Nitan Sing oversees a training session of a youth football team in which his players practice their skills in a ‘Panna Knockout’ competition.
President Brandstraat in Amsterdam-Oost. This pleintje is also known as Nikeplein and Edgar Davids Plein and was featured as the Dutch court in the FIFA Street videogame franchise.
Elroy Castelen, Nealinho and Achie Tarhouchi are all Rotterdam-based ballers discovered by AKKA Magazine in the early two thousands. While Castelen has become a coach and Tarhouchi is now a member of the street team Los Barrenderos, Nealinho now suffers from MS putting his playing career on pause.
Wijkarena, Pieter van de Doesstraat, Balboaplein and Westzaanstraat courts. Each has a unique history with Wijkarena being the home court to the Street Kings for years and Balboaplein being the childhood court of national heroes such as Ruud Gullit and Frank Rijkaard.
Randall Do Rosario photographed in South Rotterdam. Do Rosario, nicknamed the ‘ankle breaker’ because of his signature skill, was discovered in Rotterdam by Akka Magazine. Today he is a member of the Ronaldinho Globe Street Team as well as the Rotterdam-based freestyle and presenting team, Los Barrenderos.
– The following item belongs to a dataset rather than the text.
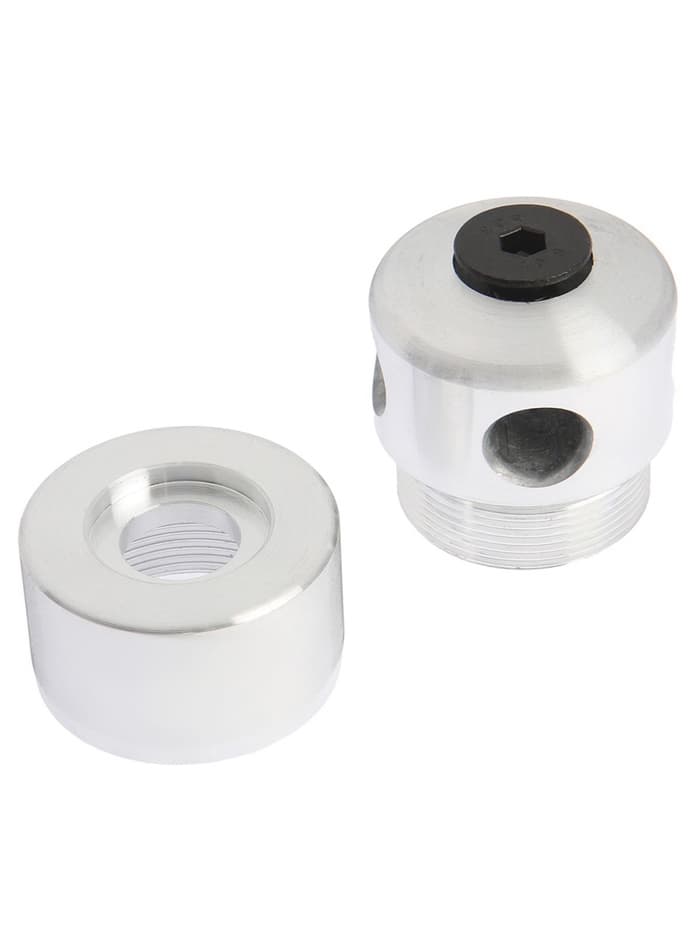 Катушка для триммера ТУНДРА, алюминиевый корпус, леска 2-2.4 мм, М10×1.25 левая, адаптеры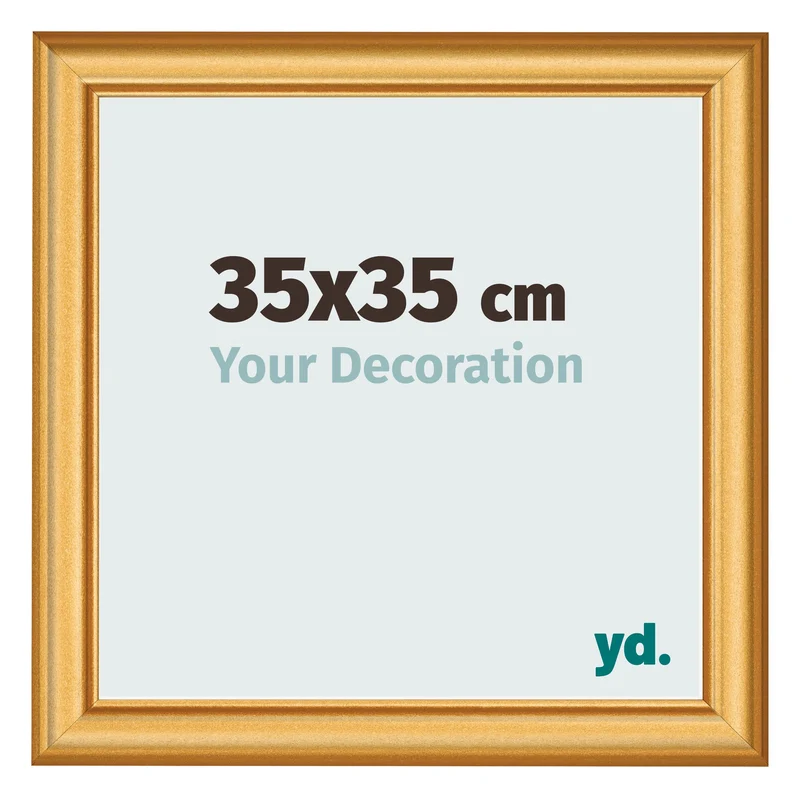 Bilderrahmen 35x35 cm - Gold Matt - MDF - Lazio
Competitors go back to back at the start of a Panna match-up in Rosestraat, South Rotterdam.
Ike Neil photographed near his home in IJburg, Amsterdam-Oost. Neil plays for Amsterdam futsal club, ASV Lebo as well as the Dutch national team however it was on the streets where he learnt his craft.
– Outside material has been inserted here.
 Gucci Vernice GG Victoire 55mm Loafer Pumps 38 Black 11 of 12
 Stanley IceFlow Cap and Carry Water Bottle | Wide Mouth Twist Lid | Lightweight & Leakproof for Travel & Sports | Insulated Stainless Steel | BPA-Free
Warung ‘Mini’ Surinamese Restaurant in De Pijp, Amsterdam. Surinamese restaurants were at the heart of the very early street football scene as they would sponsor and organise the first street football tournaments in Amsterdam.
Young Rotterdam baller Rachidsko takes a phonecall in the Surinamese restaurant ‘Surifood’. Winkelcentrum, Zuidplein, South Rotterdam.
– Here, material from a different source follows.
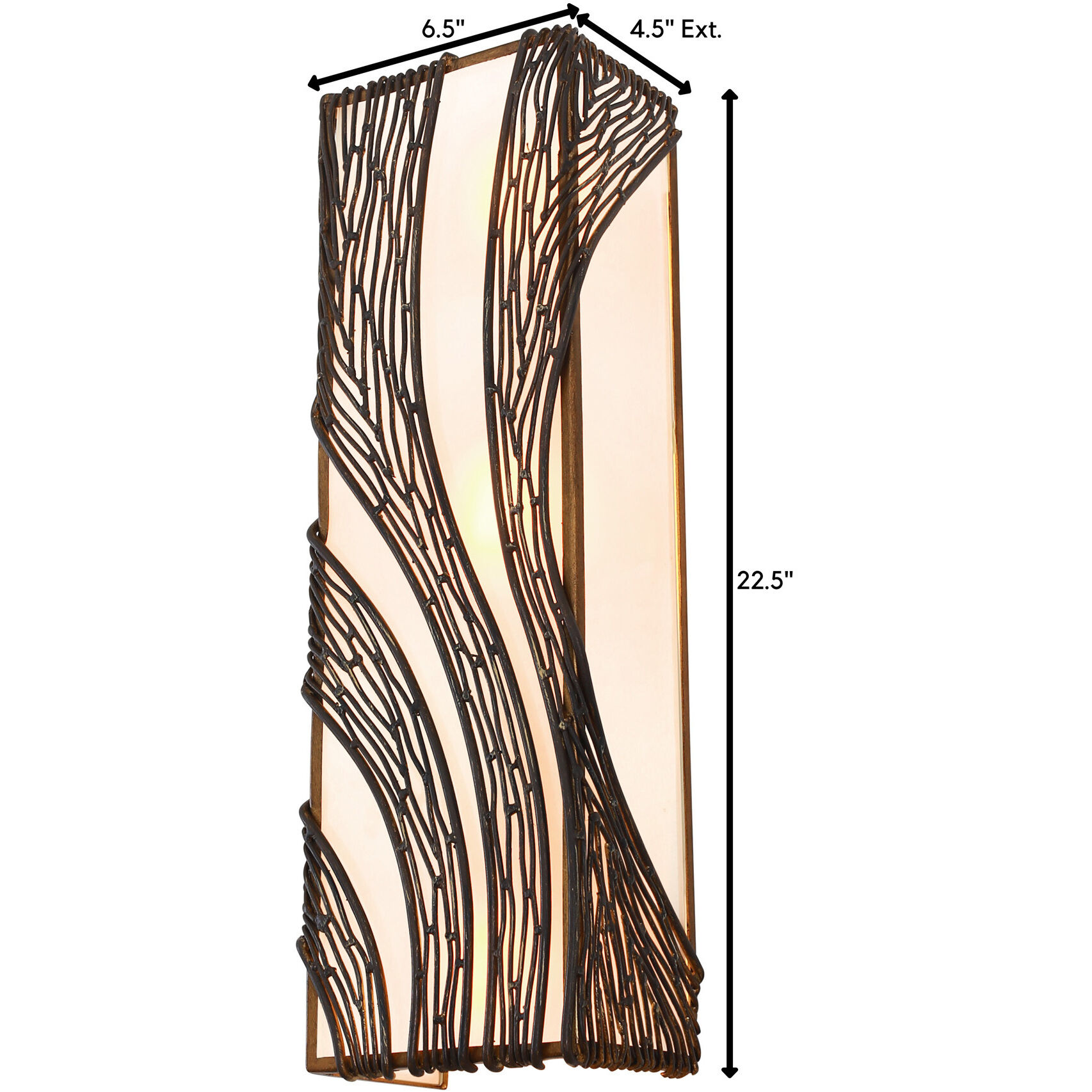 Flow 3 Light 6.5 inch Hammered Ore Wall Sconce Wall Light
Raschidsko holds his old trainers, torn and beaten from playing in the streets of South Rotterdam.
Zohair Arbib practices his signature ‘mousetrap’ at Weesperplein court in the city centre of Amsterdam. As well as being a specialist one-on-one panna player, Arbib studies I.T. at the HVA University that is situated directly behind the court.
Zohair Arbib. Weesperplein, Amsterdam.
Street football legend Edward ‘Edje’ Van Gils sizes up Ajax youth player, Julian Rijkhoff at the Kingsdome.
Nordin Stitou does his signature ‘Scorpian Akka’ at the Pyramide court in central Amsterdam. Stitou is also a member of the Street Kings crew.
Nordin Stitou, Pyramide, Central Amsterdam.
Boninplein in Amsterdam-Oost. In recent years this has become one of the most iconic courts in Amsterdam, as it is the home court to one of the world’s greatest street footballers, Ismail “Issy Hitman” Hamadoui. Here he developed his pioneering move, the ‘Akka 3000’.
Ismael “Issy Hitmain” Hamdoui photographed in front of his apartment building in Amsterdam-Zuid. Hamdoui has come a long way from Boninplein having starred in the FIFA Street Franchise at the age of 16, going on to play professional futsal at the highest level in Spain and now being a member of the Ronaldinho Global Street Team.
Ismael “Issy Hitmain” Hamdoui, Amsterdam-Zuid.
Local teenagers play on the courts in Zuiderpark in South Rotterdam.
Lenny Macnack cuts the hair of a young client in Pu-Ma hair studio, De Pijp, Amsterdam. Macnack was a talented field player who launched his career at Ajax, however it was the streets where he became known after winning the Nike Panna KO competition in 2005. Today he is a specialist celebrity barber known as ‘Lenny Razorsharp’, cutting the hair of professional players including Romelu Lukaku, Ryan Babel and Justin Kluivert.
Djuric ‘Dju Dju’ Ascension photographed at his home court in Gein, Amsterdam Zuid-Oost. As well as being a respected street baller and member of the Street Kings, he still plays professional football in Belgium and has represented the Dutch-Antilles national team, qualifying through his parents who are from Curacao.
A court on Dirk Vreekenstraat, next to the water in Eastern Docklands, Amsterdam.
Sharif Rodriguez photographed on Rosestrat in Rotterdam-Zuid. Rodriguez is one of the biggest talents in Dutch street football and plays regularly with the older legends in Amsterdam.
Local children play on a Cruyff court at the centre of a housing complex in Capelle aan den IJssel, a suburb of East Rotterdam.